(WORK REQUIRED)
What needs reproducing is the run of lines in the data below starting at the line with "Songe House |" and ending at the line with "106 Lakefront Court - Photo 1", both ends included. Copy it exactly, without pictures, and add nothing.

(RECORDS PROVIDED)
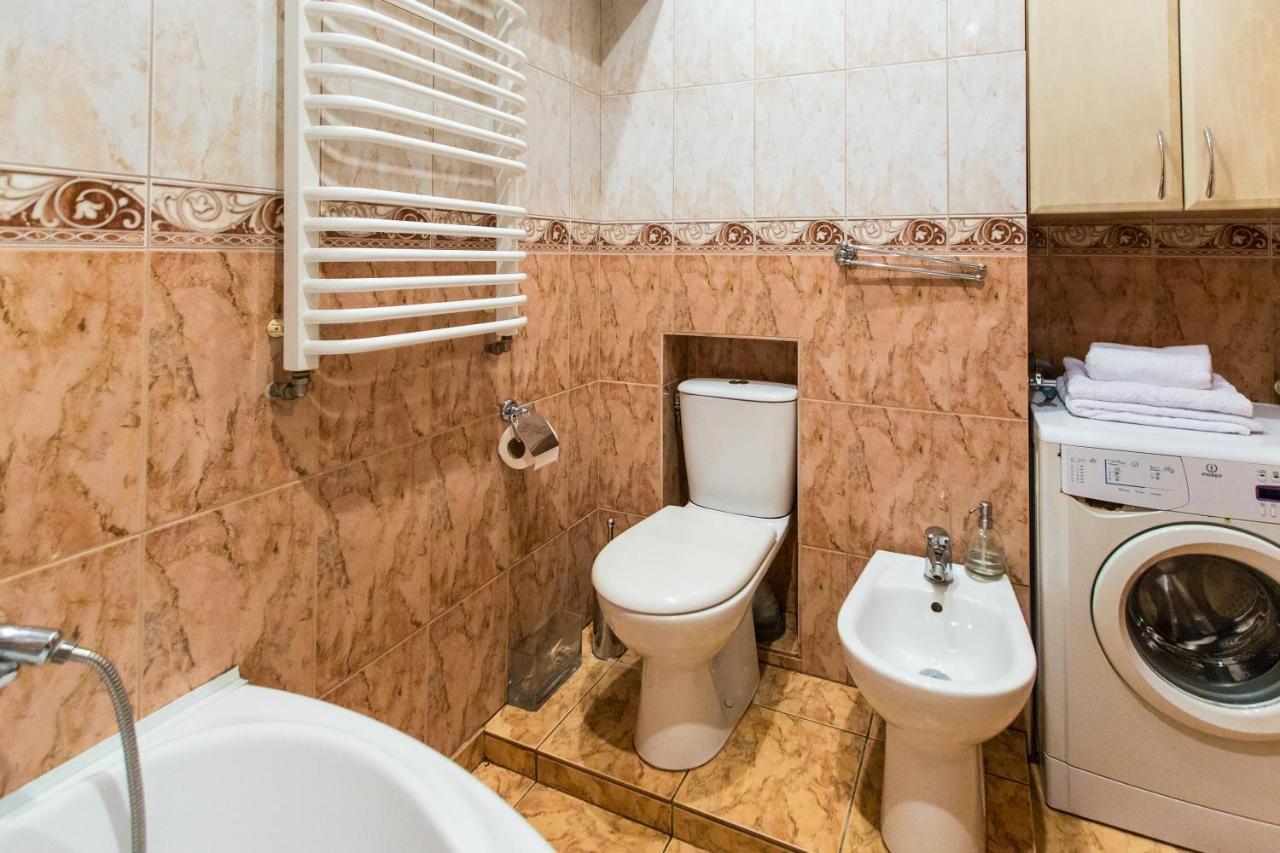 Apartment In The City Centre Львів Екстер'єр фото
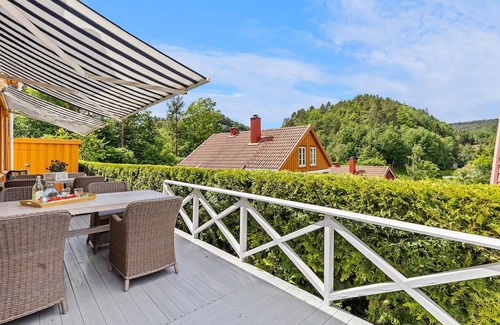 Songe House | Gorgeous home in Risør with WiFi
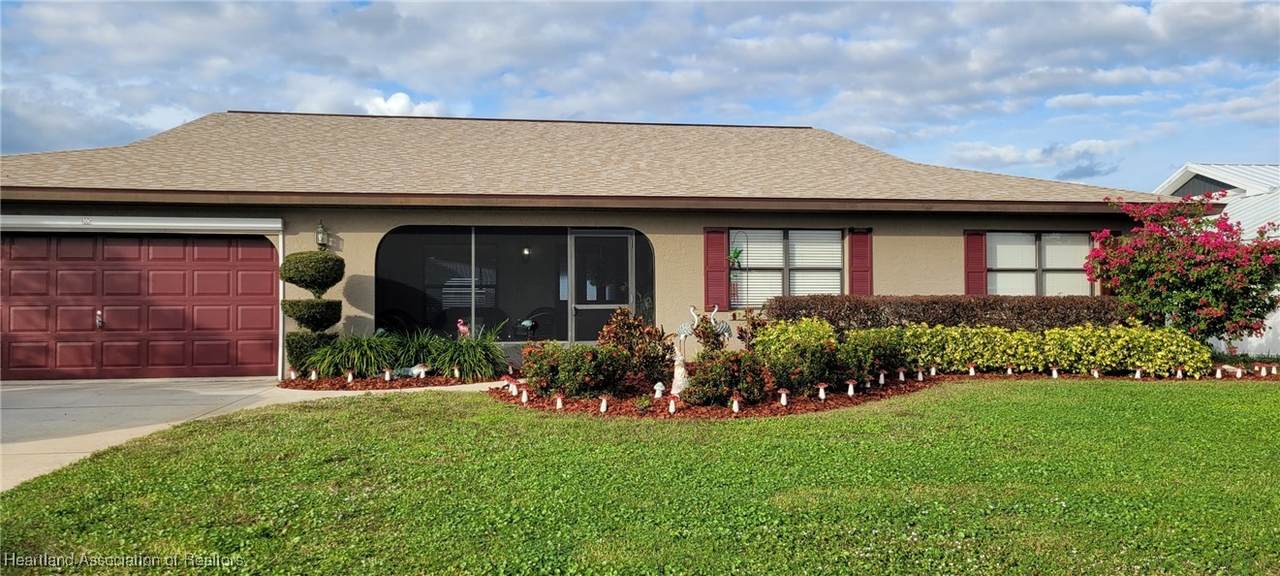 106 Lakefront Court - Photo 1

==

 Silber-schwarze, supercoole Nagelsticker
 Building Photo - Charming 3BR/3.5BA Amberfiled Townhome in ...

(OUTPUT OF THE EXERCISE)
 Songe House | Gorgeous home in Risør with WiFi
 106 Lakefront Court - Photo 1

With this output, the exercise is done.